Adrienne Barbeau – Love Writes
by Ronald Sklar
Originally posted October 13, 2010.
Writers are taught to “write what you know,” so when actress Adrienne Barbeau took her first writing class, she wrote about being eaten alive by rats.
“I had just made a low-budget horror film over in Russia,” she tells me from her California home. “I was supposed to be working with fifty trained rats. The rats were trained to only eat anything that smelled like fish. Whenever they needed these rats on my body, they just covered me with fish heads.
“So I started writing little pieces about things like that. After about six months of writing these little pastiches and these homework assignments, the teacher said, ‘you know, you’ve got a book here. You need to get an agent and see if you can make a sale.’”

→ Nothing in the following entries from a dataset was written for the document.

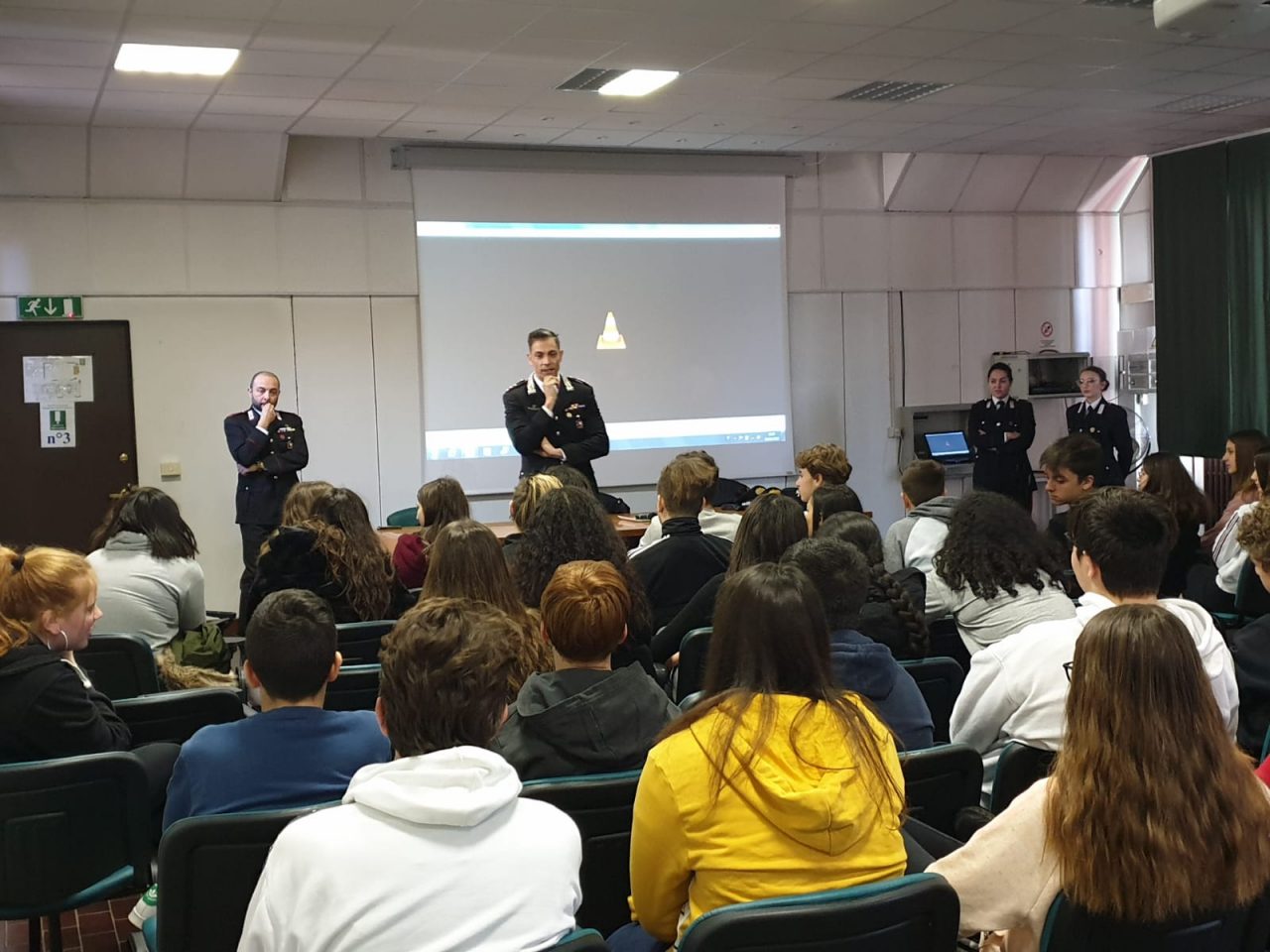 Carabinieri in visita alla scuola Floriani di Vimercate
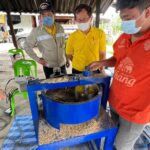 “ขจรศักดิ์” ที่ปรึกษา สนท. – ผู้บริหาร บจก.ฐาปนินทร์ ผู้สร้างป้ายสมาคมยุคแรก จัดพิธีบวงสรวงพระสยามเทวาธิราช ร่วมสืบสานประเพณี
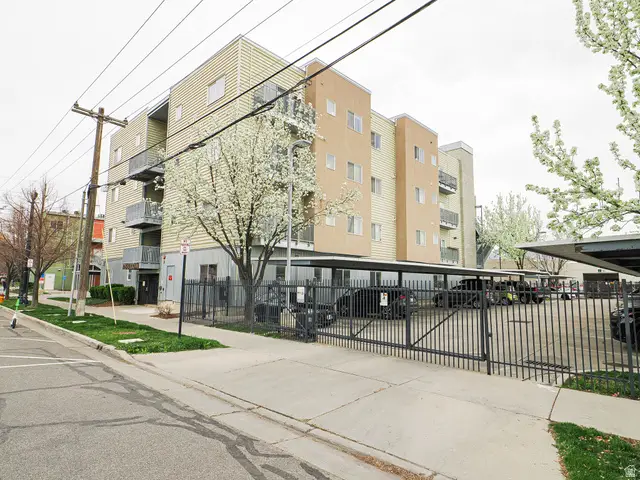 725 S 200 W #T-105, Salt Lake City, UT 84101 - #3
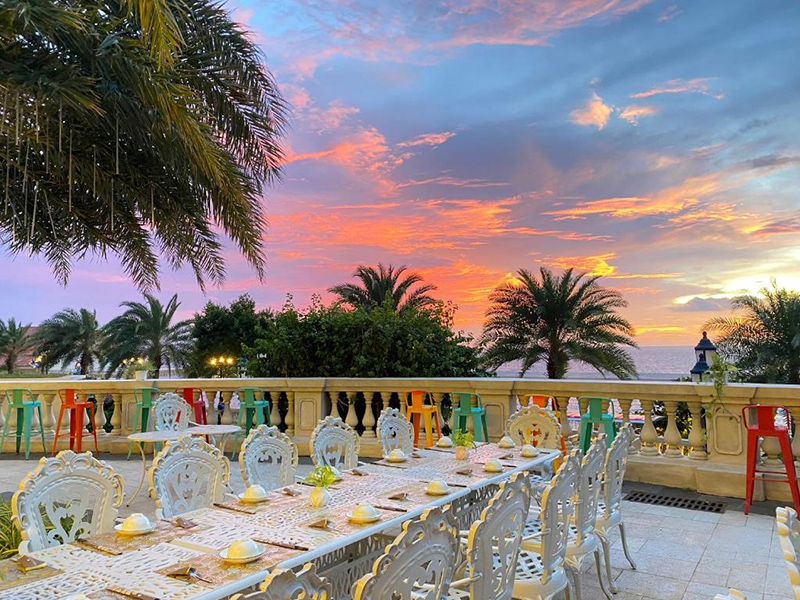 Không gian nhà hàng - quán cà phê tại Roma Hotel Phú Quốc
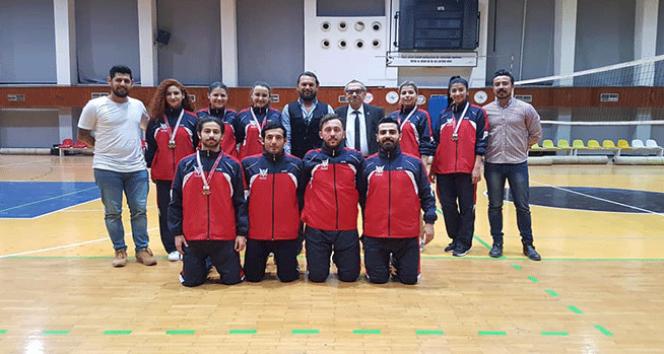 GAÜ Badminton Takımı&#039;ndan üst üste 8. şampiyonluk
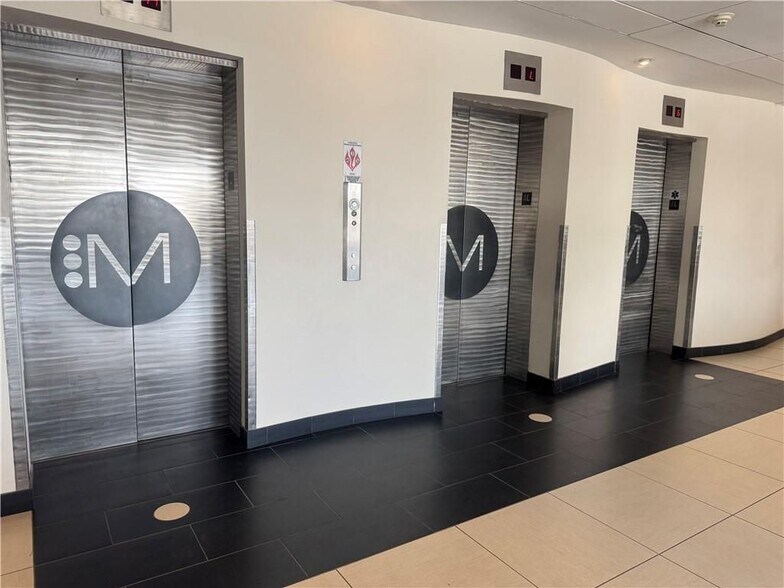 Building Photo - 700 E 8th St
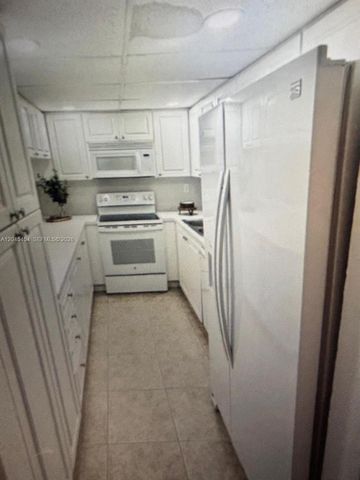 984 W 40th Street 2, Hialeah, FL 33012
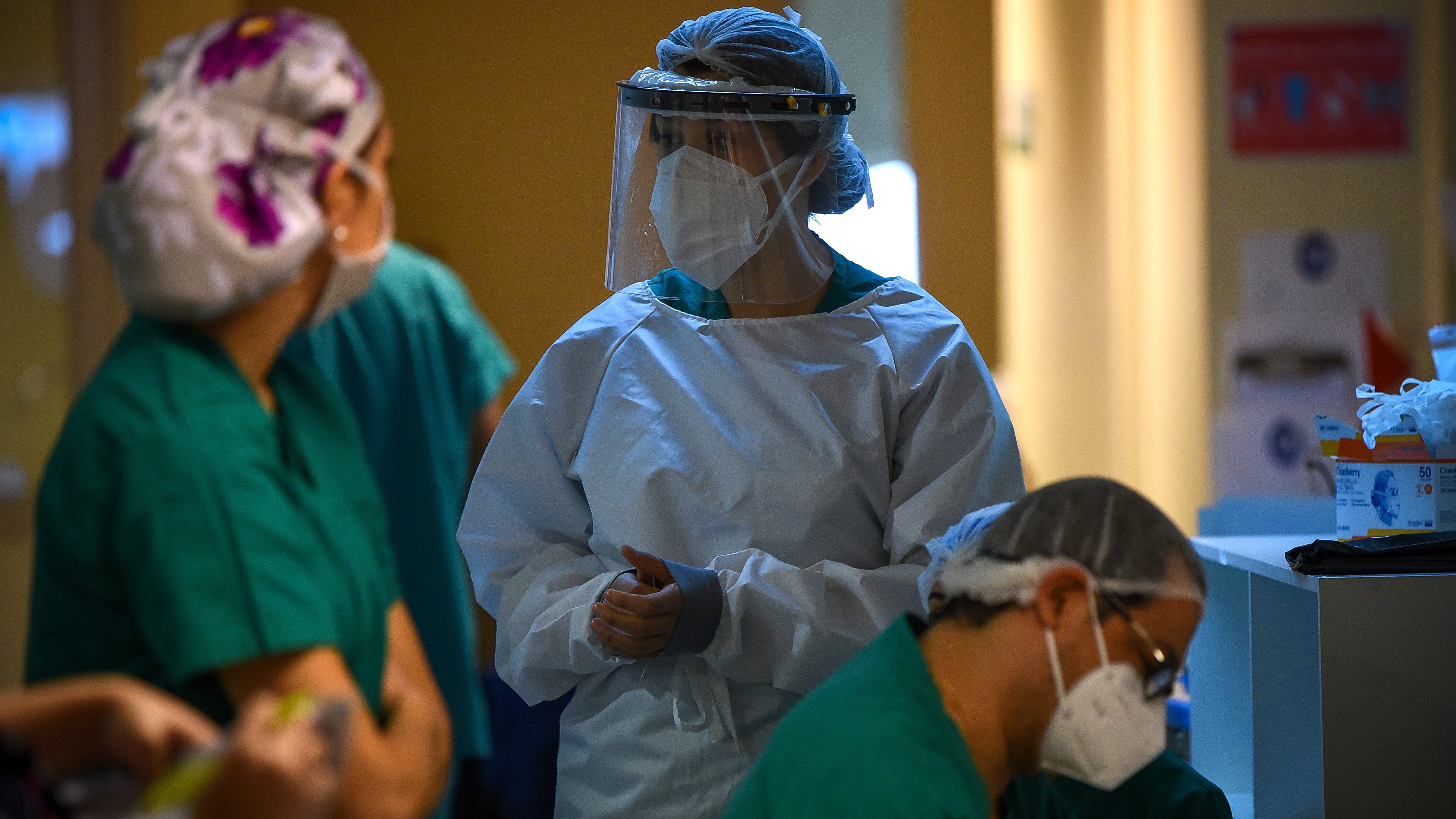24 DE ABRIL 2020 / TEMUCOPersonal de salud conversa el estado de los pacientes que se encuentran en pabellones de habitaciones de pacientes Covid positivo, del Hospital Dr. Hernán Henríquez Aravena, Temuco ha sido una de las regiones donde mas casos de contagios ha habido en regiones
FOTO: MARCOS MALDONADO/AGENCIAUNO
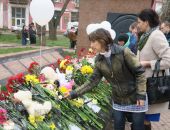 В Феодосии прошел митинг памяти погибших при пожаре в кемеровском торговом центре (видео)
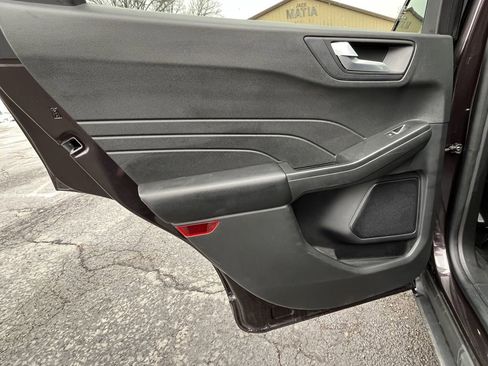 Used 2023 Ford Escape ST-Line w/ Tech Pack #1 AWD/4WD image 16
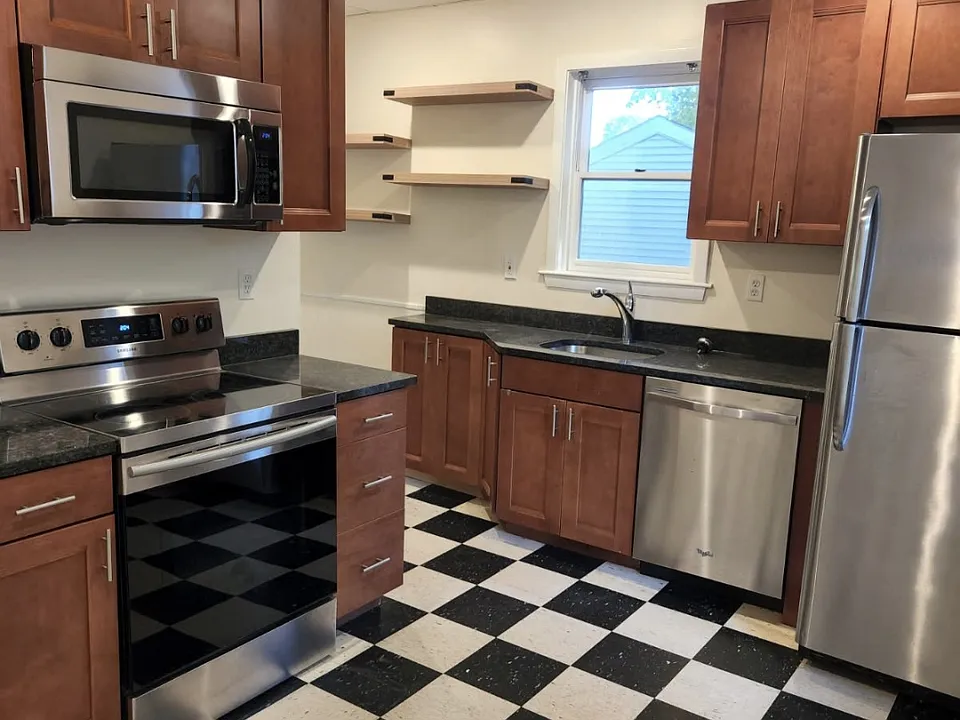 53 Dyer St #1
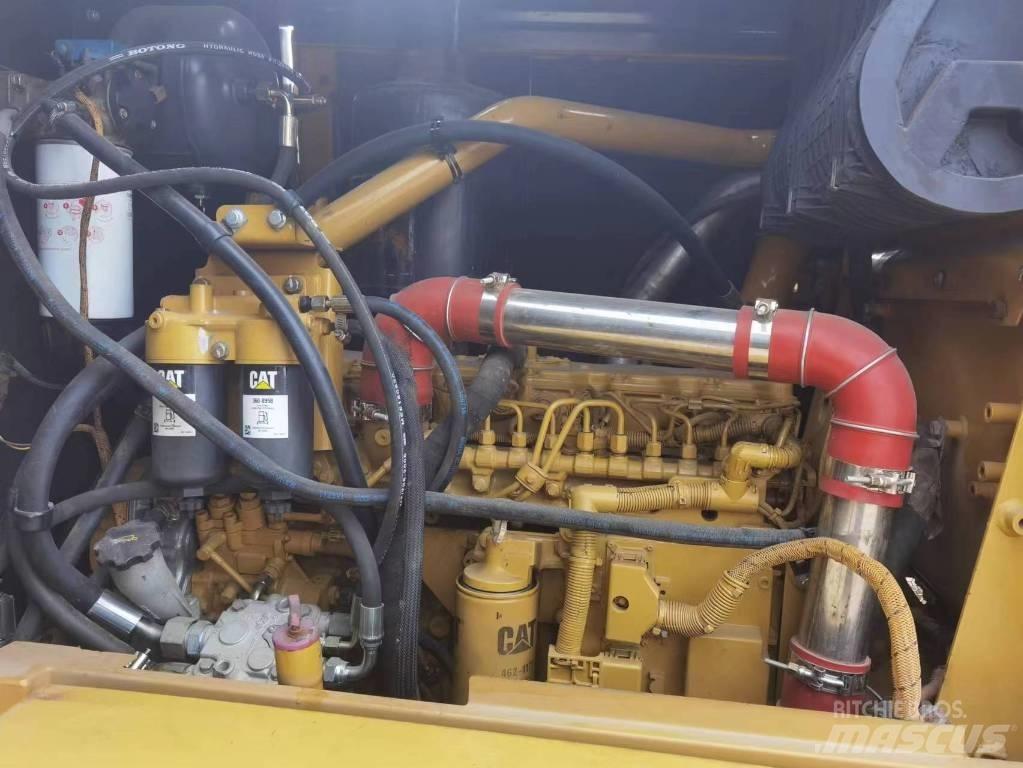 CAT 140 K Greideriai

That resulting sale became her bestselling memoir, “There Are Worse Things I Could Do,” [published by Carroll and Graff] which told of her life as an actress in some pretty impressive projects. For sure, she was not hurting for material. She had been one of the first New York go-go dancers in the sixties (“covered to the neck,” she assures me). She co-starred with Bette Midler as one of Tevye’s daughters on Broadway in Fiddler on the Roof. She was the first Rizzo in Grease on Broadway. And she first became well-known for playing the outspoken daughter of TV’s first liberated woman, on Maude.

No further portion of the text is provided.